U.S. President Barack Obama's foreign policy landscape is littered with deflated balloons. Soaring speeches, high hopes and great expectations have yielded minimal returns. Across the Islamic world, from North Africa to Iraq, Afghanistan and Pakistan, we see fragile relationships, unhappy transitions, unresolved conflicts and outright attacks on the United States, despite Obama's case for a new beginning. Israel, deaf to Obama's urging, is farther from reconciliation with the Palestinian Authority and closer to war with Iran than it has ever been.  But the balloon that has deflated the most may be the one that Obama sent aloft in Prague in April 2009, when he made the case for rapid and serious movement toward a world free of nuclear weapons.

A good start was made with the New START treaty to limit significantly strategic-weapon deployments, the largely successful Nuclear Nonproliferation Treaty Review Conference, and the productive, U.S.-hosted Nuclear Security Summit. But over the past year, the spirit of optimism that energized these developments has, sadly, gone missing.

Apart from another reasonably productive Nuclear Security Summit in Seoul in March, the news on the disarmament front over the past year has certainly been bleak.
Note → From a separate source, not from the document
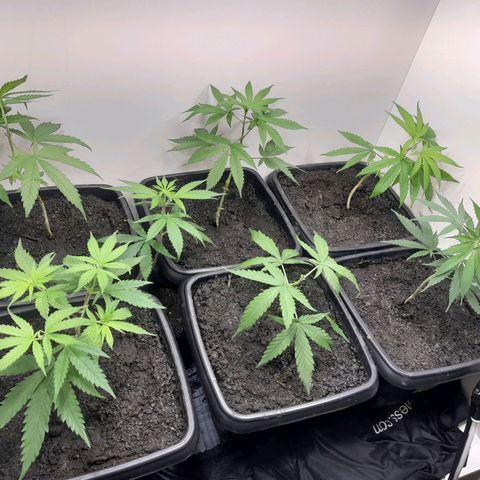 Prenseed  growlog timeline photo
Further U.S.-Russian arms-reduction negotiations ground to a halt long before the U.S. presidential election season began. Meanwhile, no other nuclear-armed state has expressed the slightest interest in bilateral or multilateral reduction negotiations until the two major powers, which currently hold 95 percent of the world's stockpile, make further major cuts.

Cautious initial moves by the U.S. to modify its nuclear doctrine — toward accepting that nuclear weapons' "sole purpose" is to respond to nuclear threats — have gone nowhere. Negotiations to "dealert" the 2,000 nuclear weapons that remain at absurdly dangerous Cold War-era launch readiness have never really started.
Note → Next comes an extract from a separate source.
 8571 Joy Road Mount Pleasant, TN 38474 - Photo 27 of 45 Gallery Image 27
There are also no signs of movement on bringing into force the Comprehensive Nuclear Test Ban Treaty. In addition, there has been zero progress on breaking the negotiating stalemate on a new treaty to ban production of fissile material for nuclear weapons, and there has been negligible progress on a conference to create a nuclear-weapons-free zone in the Middle East. Meanwhile, India, Pakistan and China are accelerating their nuclear-weapons programs.

So who is to blame? Some charge the Obama administration itself with sending mixed signals or worse: The U.S., they note, has modernized its nuclear arsenal, developed new missile defense and conventional weapons systems and has been too willing to accommodate its European and northeast Asian allies' nervousness about limiting the nuclear dimension of the extended deterrence umbrella under which they shelter.

But it is hard to ignore the huge constraint that an intensely partisan and negative political environment in the U.S. has imposed. Republican intransigence has precluded U.S. ratification of the nuclear test ban treaty, almost killed the New START treaty at birth and has caused the bar for further negotiations with Russia and China to be set almost impossibly high. Nor is there any sign that any of these positions would be modified should Mitt Romney, the Republican challenger, become president. International concerns have been compounded by the shrillness of Romney's statements on China and Taiwan, as well as his extraordinary identification of Russia as the United States' "No. 1 geopolitical foe."

Some say it is naive to believe that a nuclear-free world can be achieved. But it is not naive to be concerned about the most indiscriminately inhumane weapons of destruction ever invented, 23,000 of which still exist, with a combined destructive capability of 150,000 Hiroshima bombs.

The genuinely naive — or ignorant — position is to believe that statesmanship and foolproof controls, rather than sheer dumb luck, have enabled the world to go almost seven decades without a nuclear-weapons catastrophe. It is not naive to believe that nuclear deterrence is both fragile operationally and of thoroughly dubious utility in sustaining the peace. Nor is it naive to believe that even if nuclear weapons cannot be uninvented, they can ultimately be outlawed.

Obama cannot be faulted for trying. Even deflated balloons are better than a devastated planet.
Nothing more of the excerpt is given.